Il 2020 è stato forse l’anno peggiore per l’industria musicale – sopratutto quella legata alla musica dal vivo – e migliaia di lavoratori dello spettacolo hanno perso il lavoro. Inoltre tanti grandi artisti, come Kendrick Lamar, hanno deciso di rimandare l’uscita del proprio progetto in attesa di tempi migliori.
Ha quindi senso fare una lista dei migliori album del 2020? Sì, perché coraggiosamente sono stati fatti uscire comunque dei gran bei dischi.
Come di consueto ho stilato l’elenco – assolutamente personale – dei migliori album dell’anno.

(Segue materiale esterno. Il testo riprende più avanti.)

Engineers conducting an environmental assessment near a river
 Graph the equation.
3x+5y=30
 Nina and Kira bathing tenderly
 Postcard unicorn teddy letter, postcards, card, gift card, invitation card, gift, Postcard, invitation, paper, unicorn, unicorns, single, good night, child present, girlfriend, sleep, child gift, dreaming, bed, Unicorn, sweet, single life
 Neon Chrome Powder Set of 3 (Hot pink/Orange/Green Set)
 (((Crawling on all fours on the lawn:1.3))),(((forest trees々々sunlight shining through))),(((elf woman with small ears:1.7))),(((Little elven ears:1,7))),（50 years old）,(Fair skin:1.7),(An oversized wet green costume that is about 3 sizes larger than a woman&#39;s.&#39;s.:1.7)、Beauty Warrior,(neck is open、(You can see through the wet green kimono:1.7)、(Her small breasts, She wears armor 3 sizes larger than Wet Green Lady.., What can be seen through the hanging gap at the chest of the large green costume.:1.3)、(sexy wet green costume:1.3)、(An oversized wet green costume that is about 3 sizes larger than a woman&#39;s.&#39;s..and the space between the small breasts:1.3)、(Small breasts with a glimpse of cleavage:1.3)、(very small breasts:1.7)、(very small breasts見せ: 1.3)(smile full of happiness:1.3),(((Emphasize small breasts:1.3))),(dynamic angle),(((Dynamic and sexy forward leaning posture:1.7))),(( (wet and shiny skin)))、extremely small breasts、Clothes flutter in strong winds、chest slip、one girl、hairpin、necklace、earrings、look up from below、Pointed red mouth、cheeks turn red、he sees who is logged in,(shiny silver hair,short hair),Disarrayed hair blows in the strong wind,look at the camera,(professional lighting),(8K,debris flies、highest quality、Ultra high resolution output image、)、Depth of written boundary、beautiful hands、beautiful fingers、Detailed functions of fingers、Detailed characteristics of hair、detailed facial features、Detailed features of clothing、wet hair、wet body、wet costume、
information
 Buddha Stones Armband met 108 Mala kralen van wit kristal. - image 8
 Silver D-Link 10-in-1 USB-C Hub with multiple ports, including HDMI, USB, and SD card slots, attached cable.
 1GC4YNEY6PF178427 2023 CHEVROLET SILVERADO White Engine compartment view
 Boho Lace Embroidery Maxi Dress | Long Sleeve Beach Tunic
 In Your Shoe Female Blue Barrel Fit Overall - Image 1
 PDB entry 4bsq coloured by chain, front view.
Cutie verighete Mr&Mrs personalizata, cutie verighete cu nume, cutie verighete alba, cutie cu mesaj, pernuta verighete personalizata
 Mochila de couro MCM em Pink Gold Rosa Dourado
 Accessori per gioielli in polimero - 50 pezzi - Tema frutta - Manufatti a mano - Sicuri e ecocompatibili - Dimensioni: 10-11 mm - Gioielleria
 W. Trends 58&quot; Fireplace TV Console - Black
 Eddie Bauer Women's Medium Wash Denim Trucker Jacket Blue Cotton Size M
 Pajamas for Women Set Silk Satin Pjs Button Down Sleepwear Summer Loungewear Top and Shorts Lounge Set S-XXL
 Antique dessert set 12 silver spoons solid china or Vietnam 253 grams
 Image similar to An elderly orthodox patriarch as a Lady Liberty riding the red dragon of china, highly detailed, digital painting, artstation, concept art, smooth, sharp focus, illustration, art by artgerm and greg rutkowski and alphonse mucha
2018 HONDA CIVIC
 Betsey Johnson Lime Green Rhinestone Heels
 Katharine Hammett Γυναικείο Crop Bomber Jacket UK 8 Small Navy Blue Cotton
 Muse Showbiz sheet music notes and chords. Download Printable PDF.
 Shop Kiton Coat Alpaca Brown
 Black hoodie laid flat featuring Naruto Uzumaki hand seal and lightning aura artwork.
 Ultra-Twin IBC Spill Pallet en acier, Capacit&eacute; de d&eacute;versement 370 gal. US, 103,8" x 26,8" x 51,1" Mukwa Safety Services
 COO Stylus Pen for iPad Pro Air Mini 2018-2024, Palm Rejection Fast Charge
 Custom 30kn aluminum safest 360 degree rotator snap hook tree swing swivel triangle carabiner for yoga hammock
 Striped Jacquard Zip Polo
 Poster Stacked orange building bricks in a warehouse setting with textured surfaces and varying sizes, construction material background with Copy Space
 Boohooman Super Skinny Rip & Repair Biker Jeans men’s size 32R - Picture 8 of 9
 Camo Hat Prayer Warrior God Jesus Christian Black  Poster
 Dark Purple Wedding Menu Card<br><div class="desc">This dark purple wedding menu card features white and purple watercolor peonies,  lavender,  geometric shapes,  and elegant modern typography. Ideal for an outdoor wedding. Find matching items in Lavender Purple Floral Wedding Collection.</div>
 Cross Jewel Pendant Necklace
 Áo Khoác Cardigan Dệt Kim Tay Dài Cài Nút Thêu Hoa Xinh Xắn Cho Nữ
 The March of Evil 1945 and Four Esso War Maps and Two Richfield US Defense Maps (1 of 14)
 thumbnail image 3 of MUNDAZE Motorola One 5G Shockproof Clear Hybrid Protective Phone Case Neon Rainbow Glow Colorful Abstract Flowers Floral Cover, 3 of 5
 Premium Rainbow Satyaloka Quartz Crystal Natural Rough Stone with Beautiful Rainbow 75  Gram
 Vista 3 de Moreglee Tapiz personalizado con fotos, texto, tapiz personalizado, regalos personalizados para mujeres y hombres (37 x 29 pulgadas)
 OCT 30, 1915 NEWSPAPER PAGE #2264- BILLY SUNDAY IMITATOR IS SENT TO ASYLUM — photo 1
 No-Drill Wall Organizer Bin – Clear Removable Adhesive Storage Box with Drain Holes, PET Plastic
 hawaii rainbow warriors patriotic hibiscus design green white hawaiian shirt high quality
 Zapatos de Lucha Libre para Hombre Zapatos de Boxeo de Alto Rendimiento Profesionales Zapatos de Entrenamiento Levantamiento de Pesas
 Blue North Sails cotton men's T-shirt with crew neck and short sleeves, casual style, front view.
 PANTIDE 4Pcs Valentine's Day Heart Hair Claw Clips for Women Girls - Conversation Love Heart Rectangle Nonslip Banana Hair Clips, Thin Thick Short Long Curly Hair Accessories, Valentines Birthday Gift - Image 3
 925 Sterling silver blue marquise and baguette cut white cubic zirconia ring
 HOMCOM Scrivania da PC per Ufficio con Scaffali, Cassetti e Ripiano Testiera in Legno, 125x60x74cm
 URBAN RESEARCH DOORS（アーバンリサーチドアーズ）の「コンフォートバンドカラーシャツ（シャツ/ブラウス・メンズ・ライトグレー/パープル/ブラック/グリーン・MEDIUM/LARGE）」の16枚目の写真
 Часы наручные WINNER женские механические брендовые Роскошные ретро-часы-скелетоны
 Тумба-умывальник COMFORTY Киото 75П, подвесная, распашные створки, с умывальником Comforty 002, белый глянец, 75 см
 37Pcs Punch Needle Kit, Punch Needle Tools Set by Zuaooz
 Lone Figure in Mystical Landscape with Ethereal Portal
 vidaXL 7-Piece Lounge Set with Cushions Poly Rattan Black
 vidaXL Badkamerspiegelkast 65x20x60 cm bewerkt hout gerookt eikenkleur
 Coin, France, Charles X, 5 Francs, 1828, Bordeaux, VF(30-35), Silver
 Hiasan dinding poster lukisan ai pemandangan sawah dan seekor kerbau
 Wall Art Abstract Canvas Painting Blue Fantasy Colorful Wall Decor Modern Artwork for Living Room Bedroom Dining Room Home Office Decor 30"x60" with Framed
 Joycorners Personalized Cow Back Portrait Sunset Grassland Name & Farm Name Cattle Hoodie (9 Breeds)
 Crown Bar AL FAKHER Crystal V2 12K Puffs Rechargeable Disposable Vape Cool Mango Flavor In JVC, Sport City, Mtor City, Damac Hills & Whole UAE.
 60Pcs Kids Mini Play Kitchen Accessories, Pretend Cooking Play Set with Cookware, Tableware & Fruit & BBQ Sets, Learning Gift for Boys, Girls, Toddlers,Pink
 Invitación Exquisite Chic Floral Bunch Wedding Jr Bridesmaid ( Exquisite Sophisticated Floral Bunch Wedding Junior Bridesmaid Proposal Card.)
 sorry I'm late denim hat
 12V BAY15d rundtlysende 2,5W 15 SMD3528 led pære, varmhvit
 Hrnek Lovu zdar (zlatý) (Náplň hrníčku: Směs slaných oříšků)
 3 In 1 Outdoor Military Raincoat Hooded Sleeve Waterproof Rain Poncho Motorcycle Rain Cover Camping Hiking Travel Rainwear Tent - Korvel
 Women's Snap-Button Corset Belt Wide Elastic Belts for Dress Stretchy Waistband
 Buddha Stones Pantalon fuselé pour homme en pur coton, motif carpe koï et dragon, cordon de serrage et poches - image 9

10. L’ultimo a morire – Speranza

L’Ultimo A Morire, è il primo disco ufficiale di Speranza, il rapper franco-casertano del 1986 cresciuto a Marsiglia fino ai 22 anni, trasferirsi a Caserta. Sono ormai due anni che Ugo Scicolone ha portato la cruda autenticità nel panorama hip hop italiano. L’unicità del suo progetto musicale risiede nella spietatezza del racconto di strada, senza fronzoli e senza farsi ammaliare dalle luci dello showbiz e i vestiti griffati. Speranza non ha tempo per questo.
Quelle di Speranza sono vere e proprie cronache del rione: è la voce dura e graffiante che racconta le vite di chi non ha voce, senza scadere nella retorica stereotipata del gangsta rap. L’aggressività del suo stile, unito alle produzioni di altissimo livello, rendono questo album un mix perfetto.

9. The Slow Rush – Tame Impala

Ci sono voluti 5 anni, ma i Tame Impala sono tornati. Non era facile dopo “Currents” – l’album che li ha consacrati al grande pubblico nel 2015 – ma Kevin Parker è riuscito nell’impresa. Ne è uscito un disco soft rock molto pop e dalle sonorità psichedeliche che era molto atteso, e non ha assolutamente deluso le aspettative. In “The Slow Rush” la tematica centrale è quella dell’inesorabile scorrere del tempo, accompagnato da arrangiamenti nostalgici. Ciò risalta anche nella copertina che raffigura una vecchia casa vuota colma di sabbia, come fosse una clessidra.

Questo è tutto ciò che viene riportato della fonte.